■ Your assignment ■
Once the line containing "Daytime road noise heatmap for HD3 4TD" is found in the records below, return it and each following line exactly, up to and including the line containing "Свитшот хлопковый женский", and nothing else.

■ Data extract ■

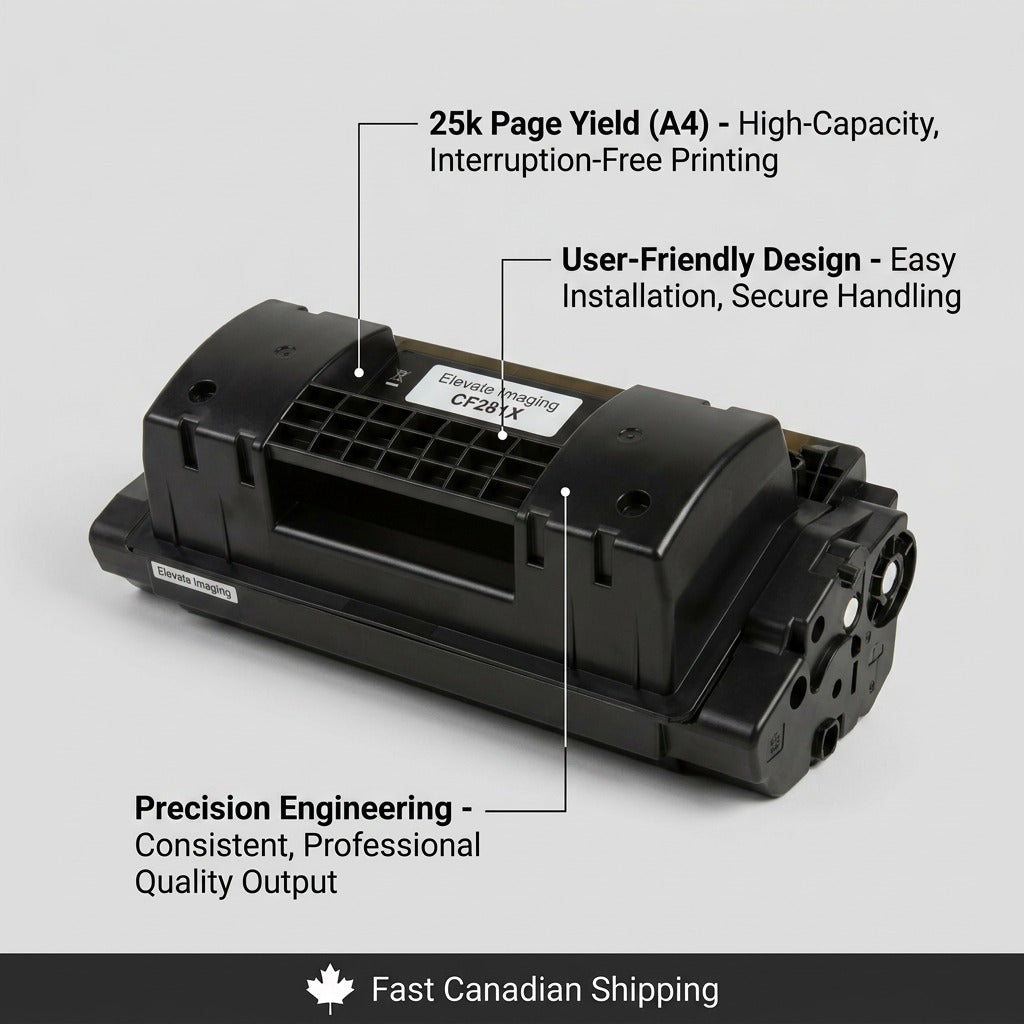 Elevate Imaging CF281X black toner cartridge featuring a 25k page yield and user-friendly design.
...
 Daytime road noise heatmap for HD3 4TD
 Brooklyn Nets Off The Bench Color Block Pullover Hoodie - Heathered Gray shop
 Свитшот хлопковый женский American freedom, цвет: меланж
* * *
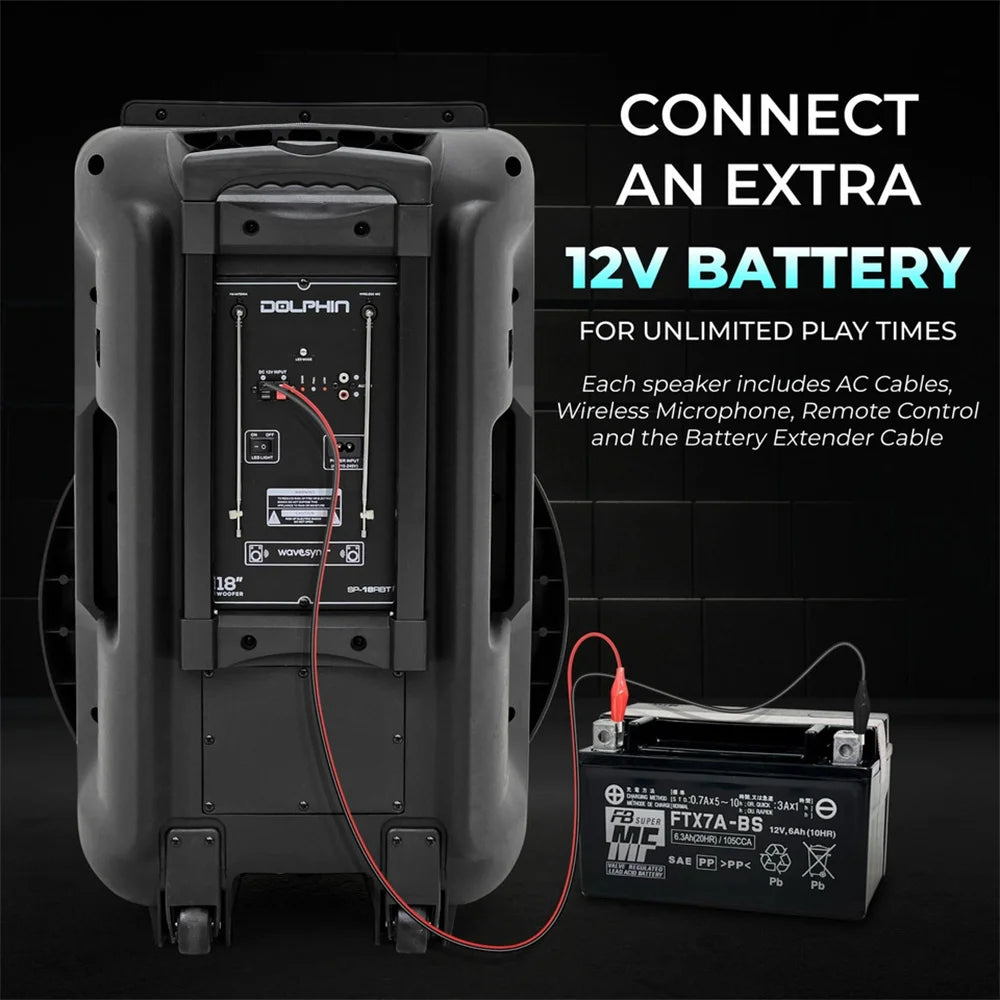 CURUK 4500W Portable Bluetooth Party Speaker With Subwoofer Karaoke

■ Response for this exercise ■
 Daytime road noise heatmap for HD3 4TD
 Brooklyn Nets Off The Bench Color Block Pullover Hoodie - Heathered Gray shop
 Свитшот хлопковый женский American freedom, цвет: меланж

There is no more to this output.